Aber die Situation der SPÖ sei derzeit gar nicht einmal so schlecht, befand Pelinka. Und somit habe auch Rendi-Wagner alle Chancen. Dies zeige das Beispiel von Deutschlands SPD-Bundeskanzler Olaf Scholz: „Rendi-Wagner kann der weibliche Olaf Scholz werden“, so der SPÖ-Kenner. Scholz hätten die meisten Beobachter noch wenige Monate vor der Bundestagswahl keine Chance auf die Kanzlerschaft gegeben. „Er hat nichts anderes gemacht, als wie ein Indianer am Ufer des Flusses zu sitzen und zu warten, bis die politischen Leichen vorbei schwimmen“, so Pelinka. Ein ähnliches, mögliches Szenario sah er auch bei Rendi-Wagner und spielte etwa auf das Beispiel des abgetretenen ÖVP-Kanzlers Sebastian Kurz an. Die Bundesparteivorsitzende sei überdies „kämpferisch“ und „eloquent“, sah Pelinka durchaus einiges an politischem Potenzial.

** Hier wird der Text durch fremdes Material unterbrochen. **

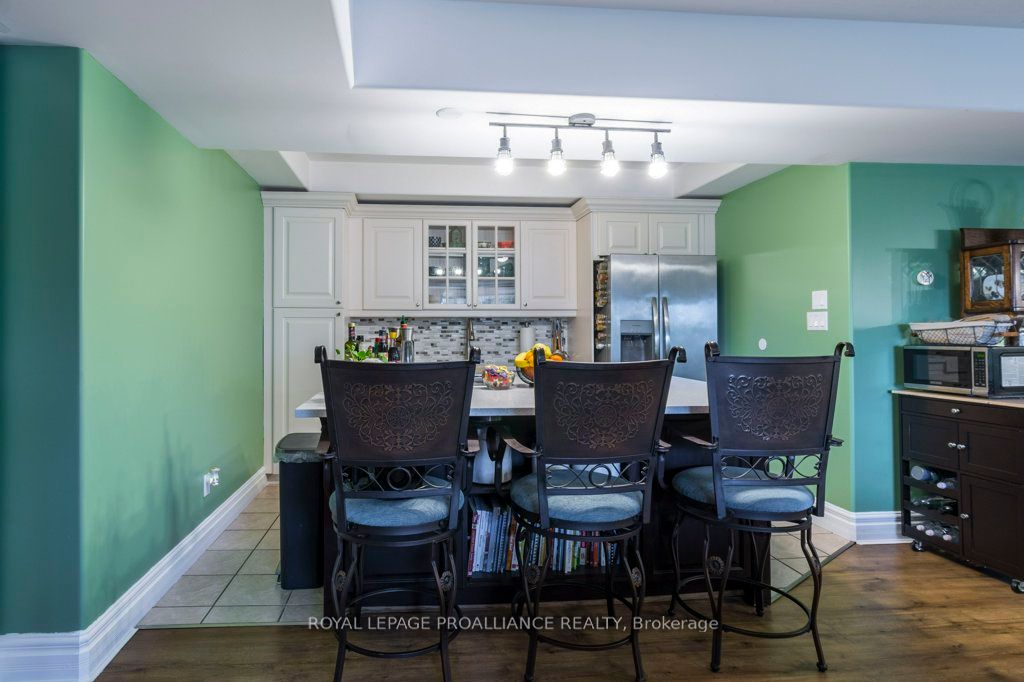 #103 - 145 Farley Avenue Property Photo 10
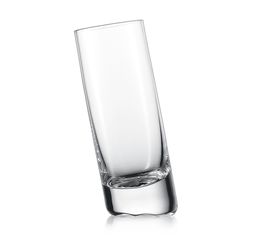 Набор стопок для водки 74 мл, 6 шт., серия 10 Grad, Schott Zwiesel, фото 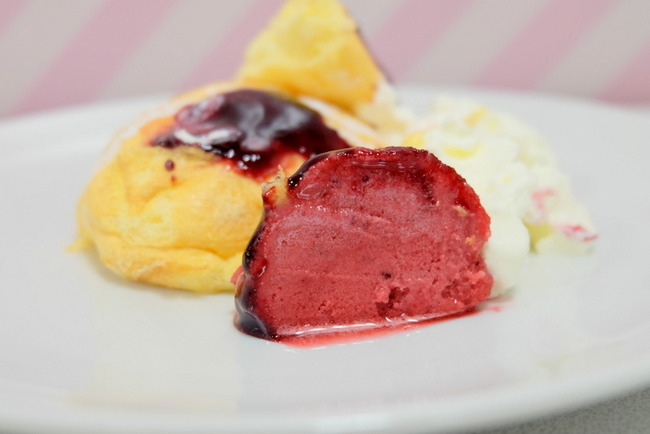 1-DSCF8040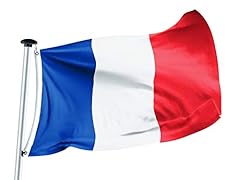 Flagly drapeau 100 d'occasion  Livré partout en France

Den Stern eines ihrer steten innerparteilichen Kritikers, jenen von Burgenlands Landeshauptmann Hans Peter Doskozil, sah der Politik-Experte indes im Sinken begriffen. Dessen Chancen auf die Spitzenkandidatur bei der Nationalratswahl seien sehr gering. Der Landeschef werde von vielen in der Partei als „extrem unsolidarisch“ und als „pannonischer Eigenbrötler“ wahrgenommen.

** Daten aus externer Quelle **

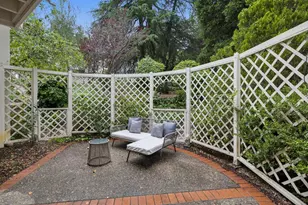 600 Pennsylvania Ave 1, Los Gatos, CA 95030 - Photo 19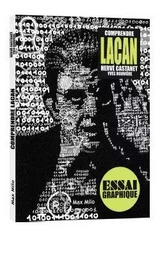 Comprendre Lacan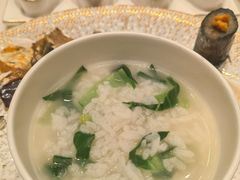 -缘餐厅(钵池山公园店)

Auch die politische Richtung, die mit Doskozil in Verbindung gebracht wird, hält Pelinka für nicht mehr zeitgemäß und langfristig erfolgversprechend: „Doskozil erweckt den Eindruck, als gäbe es noch eine Gesellschaft wie vor 50 Jahren. Eine Doskozil-SPÖ wäre eine SPÖ von gestern. Es gibt kein Proletariat mehr. Mit dieser Politik kann man vielleicht noch im Burgenland bei Wahlen gut abschneiden. Es ist nicht zufällig, dass das Burgenland das einzige österreichische Bundesland ohne urbanen Großraum ist“.
Doskozil wäre ein Signal in Richtung einer möglichen Koalition mit der FPÖ. „Doch dann würde es die SPÖ zerreißen“, war sich Pelinka sicher. Alles, was der burgenländische Landeshauptmann politisch vertrete, „würde die FPÖ auch unterschrieben, mit Ausnahme der Pandemie-Politik“. Dies wäre daher auch wählertechnisch ein „Nullsummenspiel“.

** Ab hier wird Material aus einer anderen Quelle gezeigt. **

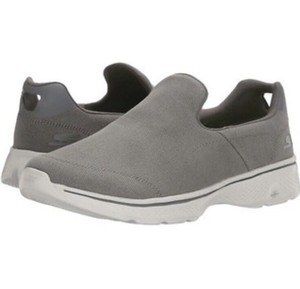 skechers go walk 4 magnificent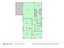25 Kinross Street, Hei Hei, Christchurch - Carousel 25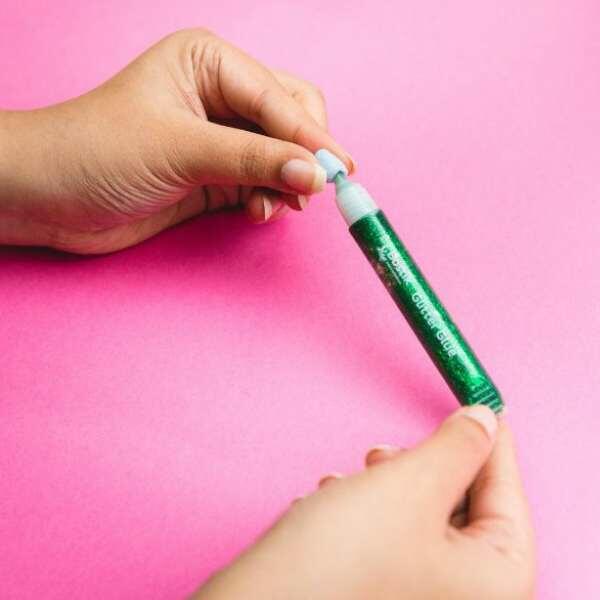 Iireland stationery blu tack app 6
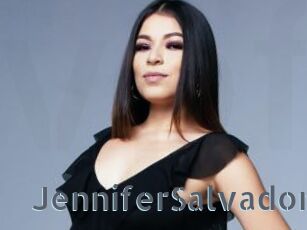 JenniferSalvador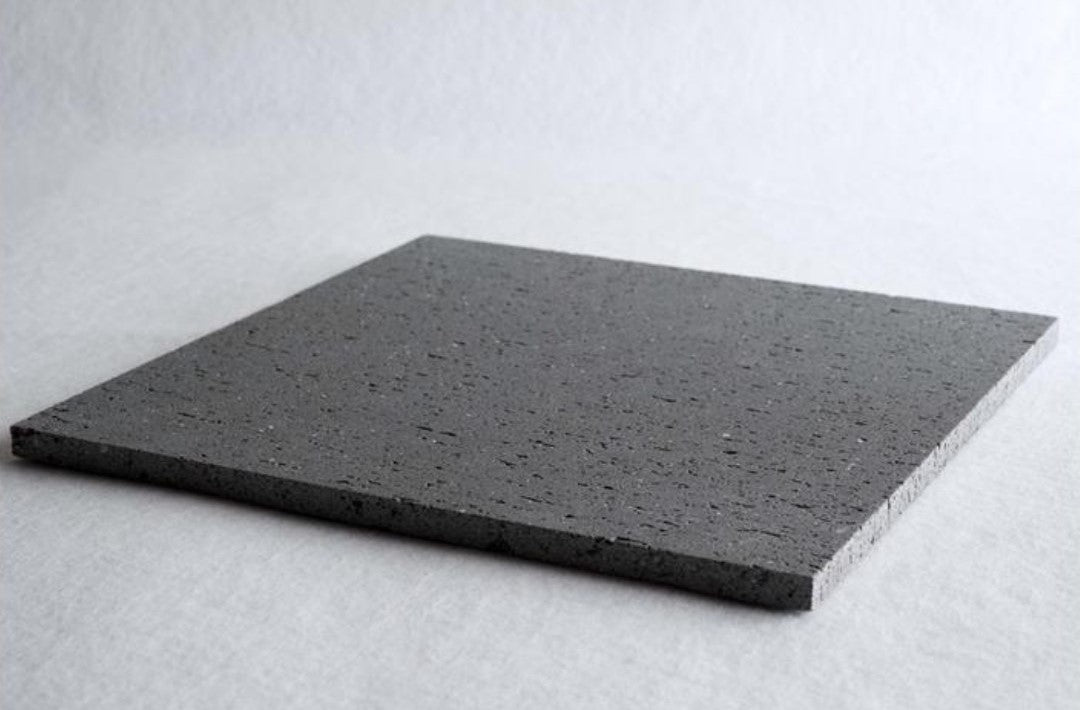 slab-basalt-basaltina-classico-stone-0159-hawaii-stone-imports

Offen und nicht beantwortet bleibt für Pelinka weiter die Frage, welche Partei die SPÖ eigentlich künftig sein will. Strebe sie weiter an, die Partei der sozial Schwächeren zu sein, müsse sie jene über eine Million Menschen im Auge haben, die wegen des erschwerten Zugangs zur Staatsbürgerschaft in Österreich gar nicht wählen dürfen. „Hier hat die Sozialdemokratie bisher grandios versagt. Auch Rendi-Wagner hat darauf bisher keine Antwort gegeben“. Er rate der Partei, hier kurzfristiges taktisches Denken hintanzuhalten und stattdessen eine langfristige Strategie zu entwickeln, um diese Menschen anzusprechen und so auch langfristig zu profitieren: „Man müsste kurzfristige Nicht-Gewinne oder Verluste in Kauf nehmen, um langfristig zu gewinnen“.